The search for Noriko-san, however, is more difficult than expected, as Shargal only has a first name. Therefore, she tries to find Ella Kari first, a girl from the indigenous Sámi people and the protagonist of the book with the same name. Shargal actually finds an Elle Kari through an internet search. It turns out that this Elle Kari is the daughter of the writer Elly Jannes. She is named after the protagonist of Anna Riwkin-Brick and Elly Janne's book. After interviewing her, Shargal finally meets Elle Kari from the book. Elle Kari tells about her life, shows more photos of Anna Riwkin-Brick and a documentary about her daughter from the 1970s. In addition, Shargal reports how the indigenous Sámi people developed after the 1950s.

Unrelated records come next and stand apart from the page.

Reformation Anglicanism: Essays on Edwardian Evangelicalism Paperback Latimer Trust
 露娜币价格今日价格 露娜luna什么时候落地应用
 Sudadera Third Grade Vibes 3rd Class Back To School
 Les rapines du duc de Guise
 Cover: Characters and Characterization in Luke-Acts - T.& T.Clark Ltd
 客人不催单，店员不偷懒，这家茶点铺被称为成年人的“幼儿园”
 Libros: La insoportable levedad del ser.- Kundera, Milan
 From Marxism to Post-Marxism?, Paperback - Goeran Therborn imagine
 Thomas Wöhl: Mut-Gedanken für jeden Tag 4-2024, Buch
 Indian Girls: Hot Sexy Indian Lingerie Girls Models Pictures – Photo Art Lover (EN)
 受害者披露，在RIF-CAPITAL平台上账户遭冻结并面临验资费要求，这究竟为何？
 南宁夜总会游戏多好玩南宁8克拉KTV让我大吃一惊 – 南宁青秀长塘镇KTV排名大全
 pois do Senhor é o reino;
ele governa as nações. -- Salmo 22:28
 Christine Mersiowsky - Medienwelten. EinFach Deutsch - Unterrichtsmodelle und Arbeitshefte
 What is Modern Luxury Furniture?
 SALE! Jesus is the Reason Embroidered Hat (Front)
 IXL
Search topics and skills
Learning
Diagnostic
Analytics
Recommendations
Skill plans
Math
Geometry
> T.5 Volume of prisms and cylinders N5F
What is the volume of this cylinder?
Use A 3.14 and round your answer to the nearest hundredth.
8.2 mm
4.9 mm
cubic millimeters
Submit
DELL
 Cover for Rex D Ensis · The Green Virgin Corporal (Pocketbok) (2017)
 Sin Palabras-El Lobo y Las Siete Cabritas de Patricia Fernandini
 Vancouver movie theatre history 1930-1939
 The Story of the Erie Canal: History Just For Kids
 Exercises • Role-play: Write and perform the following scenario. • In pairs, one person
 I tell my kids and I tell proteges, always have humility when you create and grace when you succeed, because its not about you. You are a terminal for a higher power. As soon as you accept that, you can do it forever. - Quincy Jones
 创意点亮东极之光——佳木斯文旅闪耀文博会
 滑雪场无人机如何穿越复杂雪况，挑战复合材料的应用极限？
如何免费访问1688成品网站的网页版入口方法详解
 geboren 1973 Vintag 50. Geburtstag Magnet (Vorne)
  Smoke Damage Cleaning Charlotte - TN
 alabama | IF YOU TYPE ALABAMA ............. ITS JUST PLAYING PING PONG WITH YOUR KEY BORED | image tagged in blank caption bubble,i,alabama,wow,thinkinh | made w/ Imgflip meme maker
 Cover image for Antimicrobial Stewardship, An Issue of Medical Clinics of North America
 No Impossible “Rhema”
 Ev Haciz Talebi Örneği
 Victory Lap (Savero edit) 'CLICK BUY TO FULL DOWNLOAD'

To find out more about Anna Riwkin-Brick, Shargal searches the archive of the Swedish National Library in Stockholm. There she learns that Anna Riwkin wrote books along with the Israeli author Leah Goldberg. In Israel she meets the protagonists Anat, Shaul, Daniel and Miriam from the books Eli Lives in Israel and Miriam Lives in a Kibbutz of the Children's Everywhere series.

Later, she continues to search for her favorite protagonist Noriko-san. She learns that the book was written by Astrid Lindgren. Although she does not find any information about Noriko in the Astrid Lindgren Archive in Stockholm, she comes across a letter from the protagonist of the book Dirk lives in Holland, who is not called Dirk, but Jackie. She meets Jackie. He tells her about the work with Anna Riwkin and Astrid Lindgren. In addition, Jackie takes Shargal to the places where the photos were taken. He tells her about his first bicycle, which he had received from Astrid Lindgren for his birthday and reads a letter that Astrid Lindgren had written to him. In it, Astrid Lindgren recalls her visit to Holland, where she created the book together with Anna Riwkin.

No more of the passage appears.